▶ Exercise details: An exact transcription of all the records below is required, without any images.
○ ○ ○ ○ ○ ○ ○
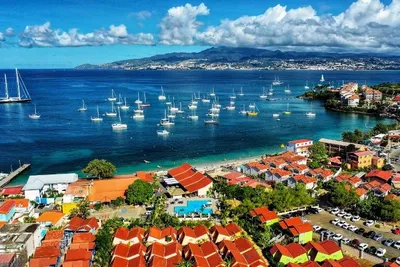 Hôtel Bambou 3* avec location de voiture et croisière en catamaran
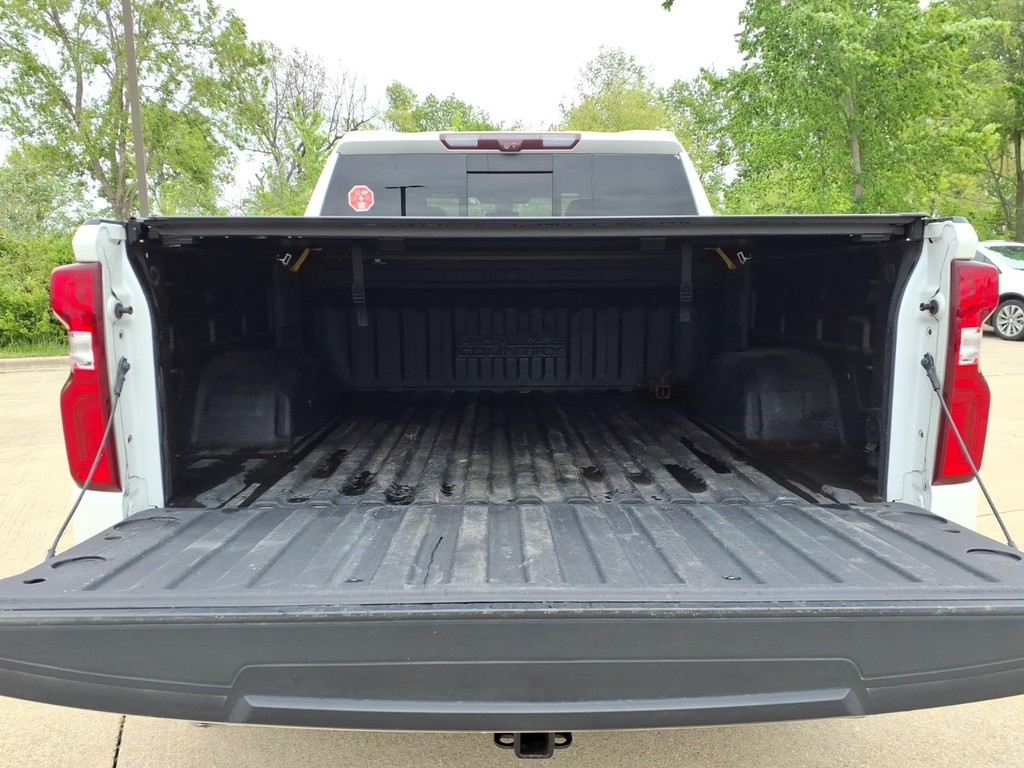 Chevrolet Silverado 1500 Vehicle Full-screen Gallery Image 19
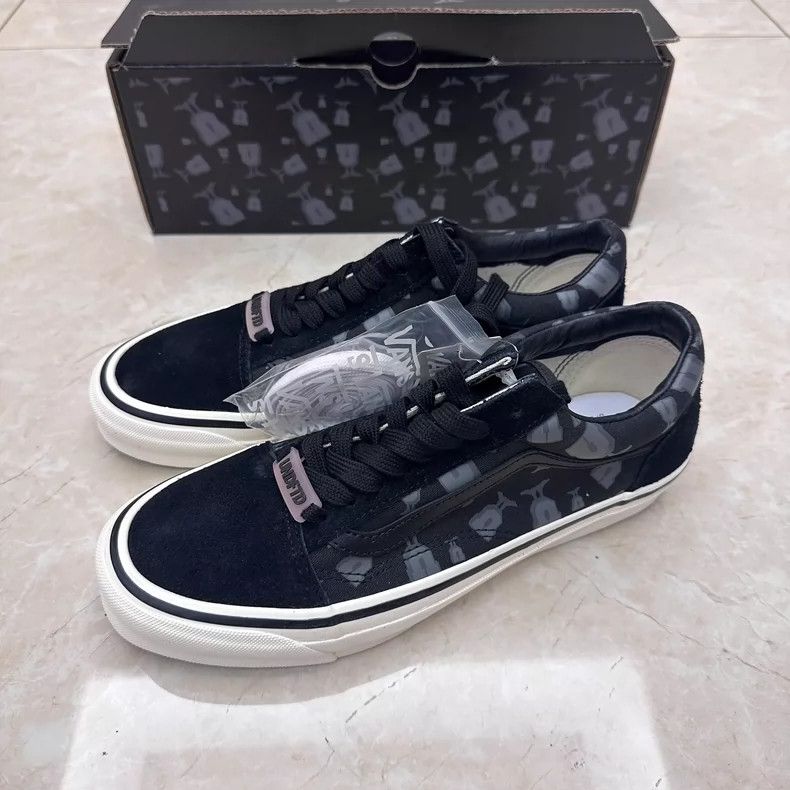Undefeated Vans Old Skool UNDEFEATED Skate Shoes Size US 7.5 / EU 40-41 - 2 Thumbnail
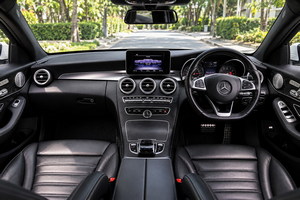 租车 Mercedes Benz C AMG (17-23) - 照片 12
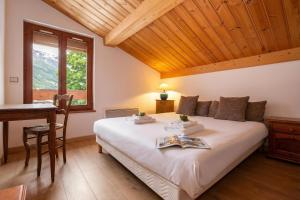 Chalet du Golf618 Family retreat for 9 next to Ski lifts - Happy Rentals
○ ○ ○ ○ ○ ○ ○
▶ Answer to this task:
 Hôtel Bambou 3* avec location de voiture et croisière en catamaran
 Chevrolet Silverado 1500 Vehicle Full-screen Gallery Image 19
Undefeated Vans Old Skool UNDEFEATED Skate Shoes Size US 7.5 / EU 40-41 - 2 Thumbnail
 租车 Mercedes Benz C AMG (17-23) - 照片 12
 Chalet du Golf618 Family retreat for 9 next to Ski lifts - Happy Rentals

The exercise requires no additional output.